Kafka Connector
Kafka Connector
The NPipeline.Connectors.Kafka package provides specialized source and sink nodes for working with Apache Kafka. This allows you to easily integrate Kafka message streams into your pipelines as an input source or an output destination.

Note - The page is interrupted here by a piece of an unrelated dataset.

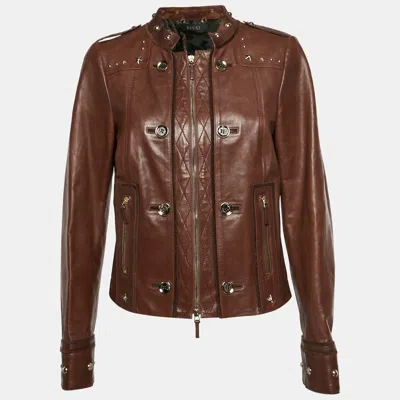 Pre-owned Gucci Brown Leather Star Stud Biker Jacket L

This connector uses the robust Confluent.Kafka library, providing high-throughput streaming with support for Avro and Protocol Buffer serialization formats, Schema Registry integration, flexible delivery semantics, and comprehensive error handling.
Installation
To use the Kafka connector, install the NPipeline.Connectors.Kafka NuGet package:
dotnet add package NPipeline.Connectors.Kafka
For the core NPipeline package and other available extensions, see the Installation Guide.
Configuration
The Kafka connector uses a KafkaConfiguration object to configure both source and sink nodes. This centralized configuration simplifies setup and ensures consistency across your pipeline.
Connection Settings
Every Kafka configuration requires a bootstrap server to establish the initial connection to your Kafka cluster:
var config = new KafkaConfiguration
{
BootstrapServers = "localhost:9092", // or comma-separated list: "broker1:9092,broker2:9092"

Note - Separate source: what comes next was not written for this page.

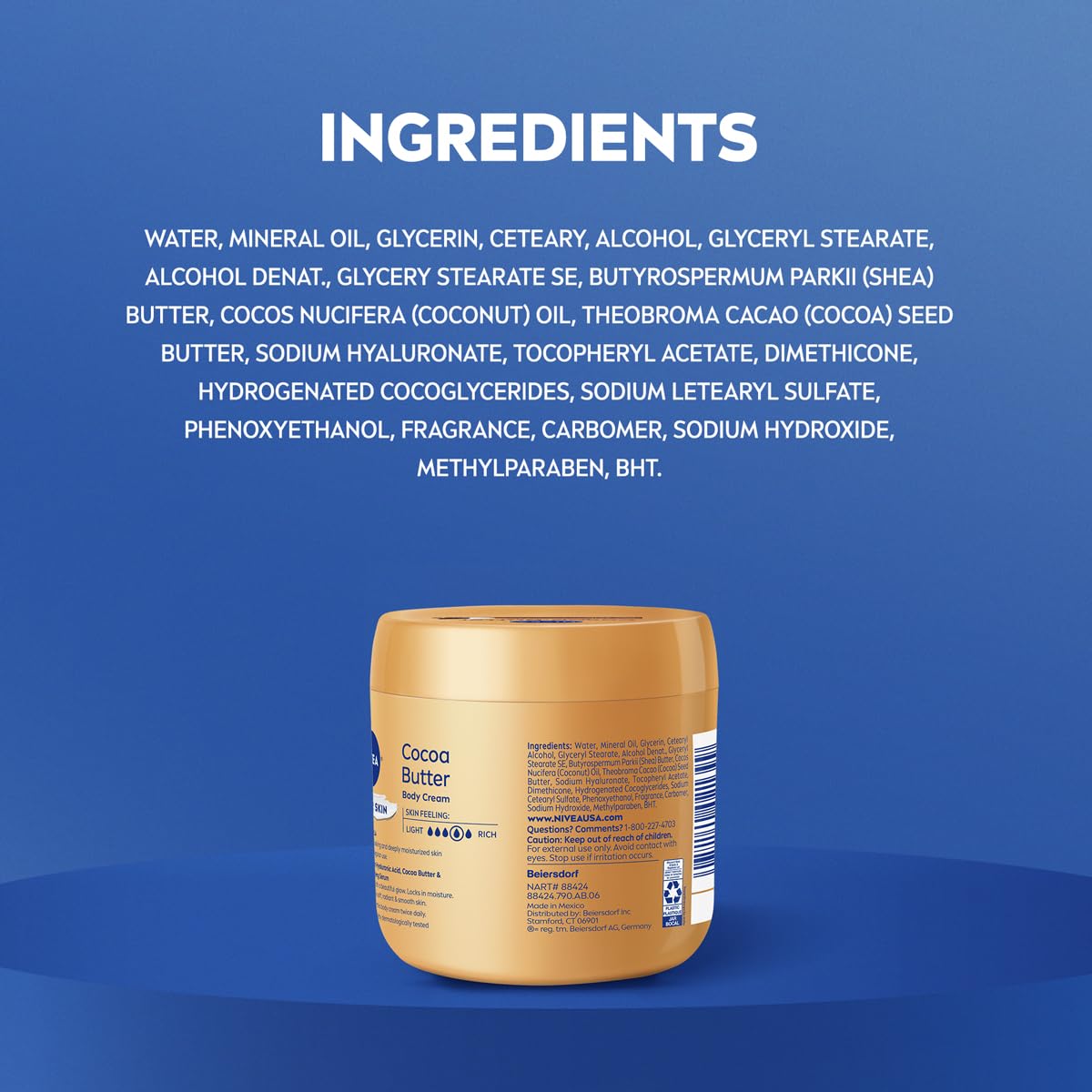 NIVEA Cocoa Butter Body Cream with Deep Nourishing Serum, Cocoa Butter Cream for Dry Skin, 16 Ounce Jar - Maple Wellness Supplements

ClientId = "my-app-client", // Optional: identifies your client to the broker
};
Authentication
The connector supports SASL authentication for secure connections to managed Kafka services:
var config = new KafkaConfiguration
{
BootstrapServers = "kafka.example.com:9092",
SecurityProtocol = SecurityProtocol.SaslSsl,
SaslMechanism = SaslMechanism.Plain,
SaslUsername = "username",
SaslPassword = "password",
};
Supported authentication methods:
- PLAINTEXT: No authentication (development only)
- SASL_PLAINTEXT: SASL with plain text (not recommended for production)

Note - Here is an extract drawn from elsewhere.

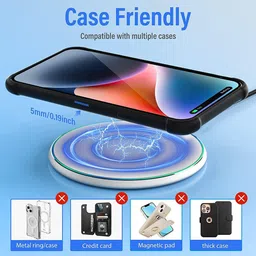 X88 Pro 15W Fast Charging Round Wireless Charger Pad Compatible for iPhone14/13/12 Charging Pad image 3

- SASL_SSL: SASL with TLS encryption (recommended for production)
- SSL: TLS encryption without SASL
KafkaSourceNode<T>
The KafkaSourceNode<T> continuously consumes messages from a Kafka topic and emits each deserialized message as a KafkaMessage<T>.
Source Configuration
A source requires a topic to consume from and a consumer group ID:
var config = new KafkaConfiguration
{
BootstrapServers = "localhost:9092",
SourceTopic = "orders",
ConsumerGroupId = "order-processing-group",
AutoOffsetReset = AutoOffsetReset.Latest, // Start from latest for new consumers
MaxPollRecords = 500, // Batch size
};
Configuration Options for Consumption
SourceTopic: The Kafka topic to consume from (required)ConsumerGroupId: Consumer group for offset management and parallel processing (required)AutoOffsetReset: Behavior when no committed offset exists:Latest: Start from the most recent message (default)Earliest: Start from the beginning of the topic
EnableAutoCommit: Automatically commit offsets (default:false- use manual acknowledgment)MaxPollRecords: Maximum messages to fetch per poll (default: 500)PollTimeoutMs: Consumer poll timeout in milliseconds (default: 100)FetchMinBytes: Minimum bytes to accumulate before responding (default: 1)FetchMaxBytes: Maximum bytes to fetch per request (default: 50MB)MaxPartitionFetchBytes: Maximum bytes per partition (default: 1MB)GroupInstanceId: Enable static group membership (optional, for development)
Message Acknowledgment
For at-least-once delivery, calling AcknowledgeAsync() commits the offset. For exactly-once, AcknowledgeAsync() is a no-op (offsets are sent to the transaction by the sink).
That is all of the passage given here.